§ EXERCISE GOAL: Starting at the line that contains "Math Flash atari screenshot", write out every line through the last one in the records below, word for word. Leave out any pictures.

§ Image-text web data:
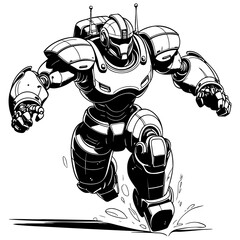 Futuristic Armored Mech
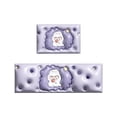 thumbnail image 2 of Leodye Bathroom Rug Set Memory Foam Bath Mats 2 Piece with Toilet Mats, Soft & Supportive, Shock Absorbing, Water Absorbent, Non-Slip Bath Rugs, Machine Washable, Area Rug, 2 of 6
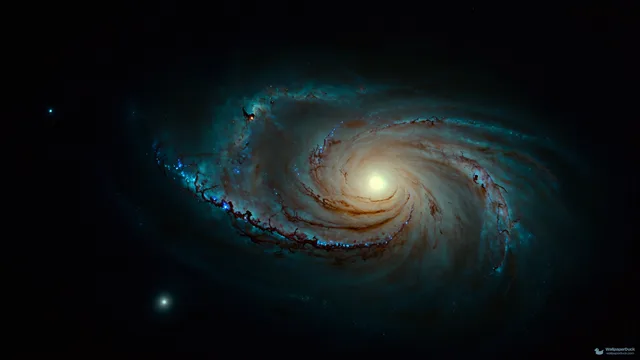 Spiral Core in Dark — Cosmic & astrophotography 4K wallpaper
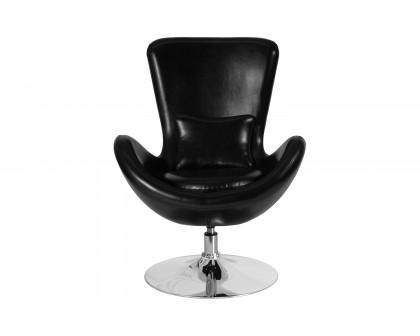 BLNK™ Egg Series LeatherSoft Side Reception Chair - Black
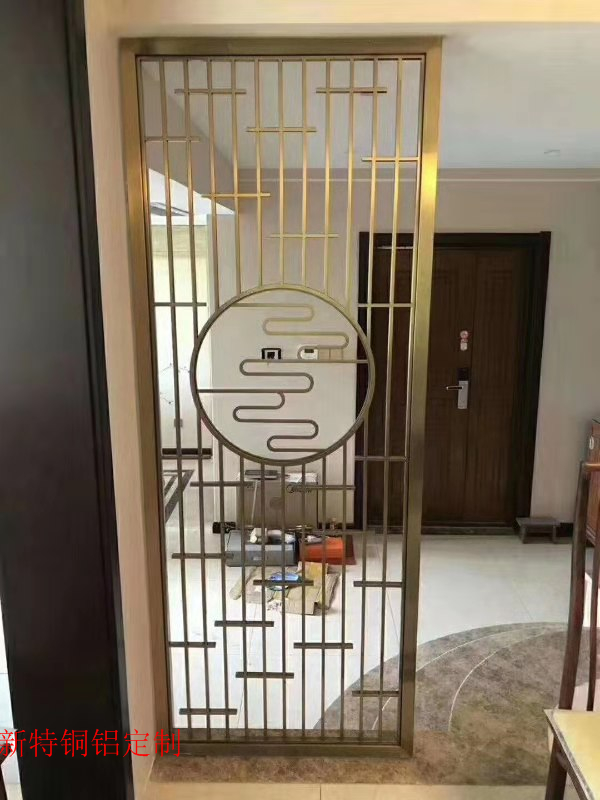 邯郸酒店铝艺屏风隔断设计 铝艺屏风隔断固定方法
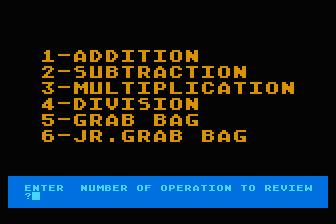 Math Flash atari screenshot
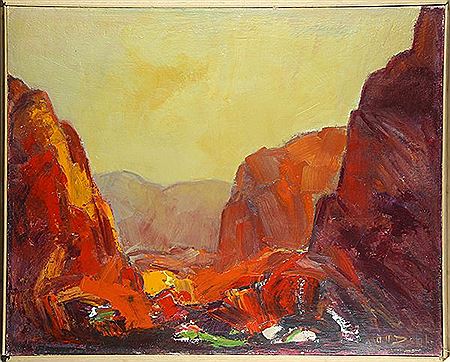 "Kaleidoscope Canyon" by Anton Henry Dahl - Auction record, sale price, and art valuation. Compare with similar artists and explore comparable artworks.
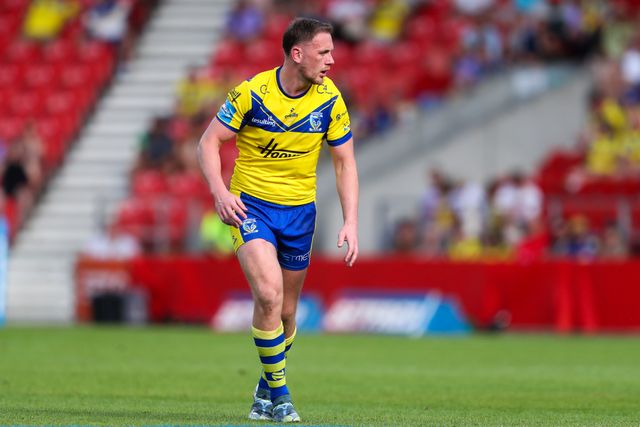Ben Currie of Warrington Wolves during the Betfred Challenge Cup Semi-final match Warrington Wolves vs Leigh Leopards at Totally Wicked Stadium, St Helens, United Kingdom, 11th May 2025

(Photo by Gareth Evans/News Images)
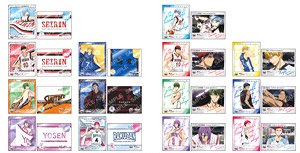 Kuroko`s Basketball Photo Style Metal Sticker Collection (Set of 14) (Anime Toy)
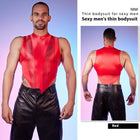 High Elastic Lightweight Stitching Body Shaping See-through Sexy Night Men Jump suit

§ WRITTEN REPLY:
 Math Flash atari screenshot
 "Kaleidoscope Canyon" by Anton Henry Dahl - Auction record, sale price, and art valuation. Compare with similar artists and explore comparable artworks.
Ben Currie of Warrington Wolves during the Betfred Challenge Cup Semi-final match Warrington Wolves vs Leigh Leopards at Totally Wicked Stadium, St Helens, United Kingdom, 11th May 2025

(Photo by Gareth Evans/News Images)
 Kuroko`s Basketball Photo Style Metal Sticker Collection (Set of 14) (Anime Toy)
 High Elastic Lightweight Stitching Body Shaping See-through Sexy Night Men Jump suit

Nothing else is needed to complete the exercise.